Location
- First Avenue Harlow, Essex, CM17 9LR England 51°46′44″N 0°07′51″E﻿ / ﻿51.7788°N 0.1307°E

Information
- Type: Academy
- Motto: Aspire, Endeavour, Achieve
- Established: 1954^{[citation needed]}
- Department for Education URN: 148423 Tables
- Ofsted: Reports
- Principal: Matt Carter
- Gender: Coeducational
- Age: 11 to 16
- Colours: Black, Light Blue, Gold
- Website: www.markhallacademy.org

= Mark Hall Academy =

Mark Hall Academy, formerly Mark Hall Specialist Sport College, is a coeducational secondary school with academy status, located in Harlow, Essex, England.

==History==

The school was previously a specialist Sports College under the Harlow Education Trust. In September 2013 the school converted to an academy under the sponsorship of the Academy Transformation Trust (ATT) as a result of an Inadequate rating by Ofsted, with Corinne Franceschi as its first Principal and Allan Osborne as Associate Principal. It was judged Good in 2016 but a further inspection in 2020 judged it Inadequate. This led to the transfer of the school's sponsorship from the ATT to the Harlow based BMAT education trust under the advice of the Regional Schools Commissioner. The transfer concluded on 1 January 2021.

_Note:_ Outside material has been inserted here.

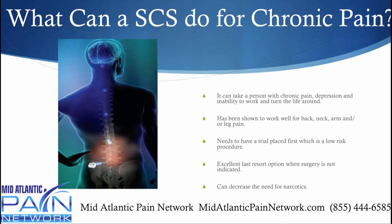So what can it do? It can take a person who has chronic pain, who's depressed and unable to work, and really turn somebody's life around. It's been shown to work well for back, neck, arm and leg pain, and now it's working well for abdominal and pelvic types of pain. You need to have a trial placed first, and that's a low risk outpatient procedure where you're not even put to sleep. And these are great at decreasing one's need for narcotics.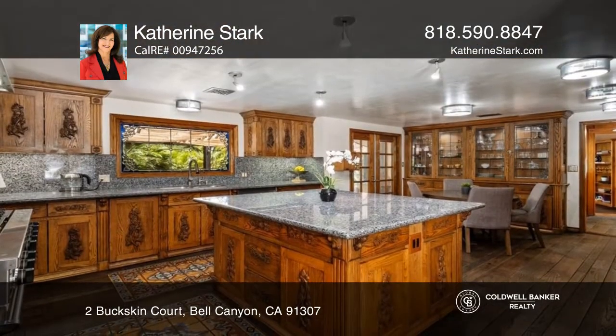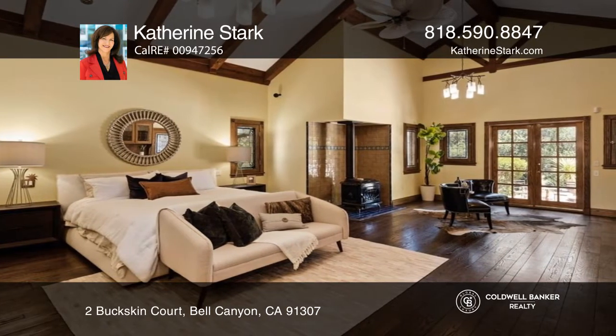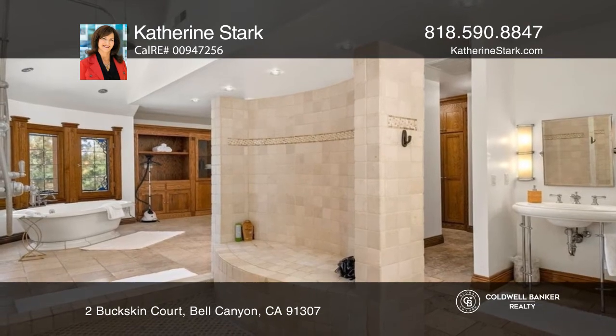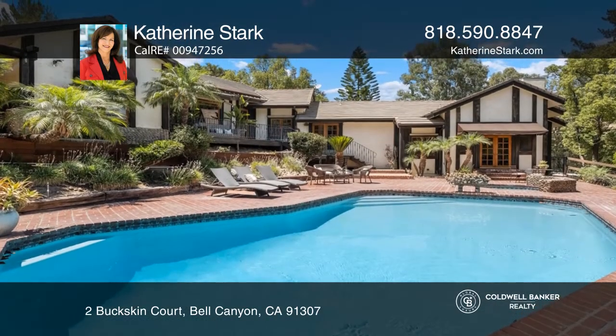There are so many details in this custom one-story home, including cathedral ceilings, a double-sided fireplace, stainless steel appliances, a primary bedroom with a spa-like bathroom, a separate studio, and a secluded pool yard.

== Academic performance and Ofsted ==
In 2012, 25% of all pupils attained five GCSEs at grades A* to C including English and Maths. This is a decrease of 18 percentage points since 2011. The school was subsequently put into special measures by Ofsted. In 2013 this figure was at 27% and, after the school became an academy, improved to 38% in 2014 and 46% in 2015.

Ofsted visited the Academy in May 2016 and awarded the 'Good' grade with outstanding behaviour. The leadership of the Principal was described as inspirational. The Academy's 2016 GCSE results showed a Progress 8 score of -0.08, which is in line with the national average. 51% of pupils earned grades A* to C in GCSE English and Maths.

The Academy was rated 'Inadequate' following an inspection in March 2020. The report noted high staff turnover, "weak teaching" and a failure by "too many" teachers to effectively manage the behaviour of their pupils. Additionally, the school's provisions for safeguarding were described as "not good enough to keep pupils safe."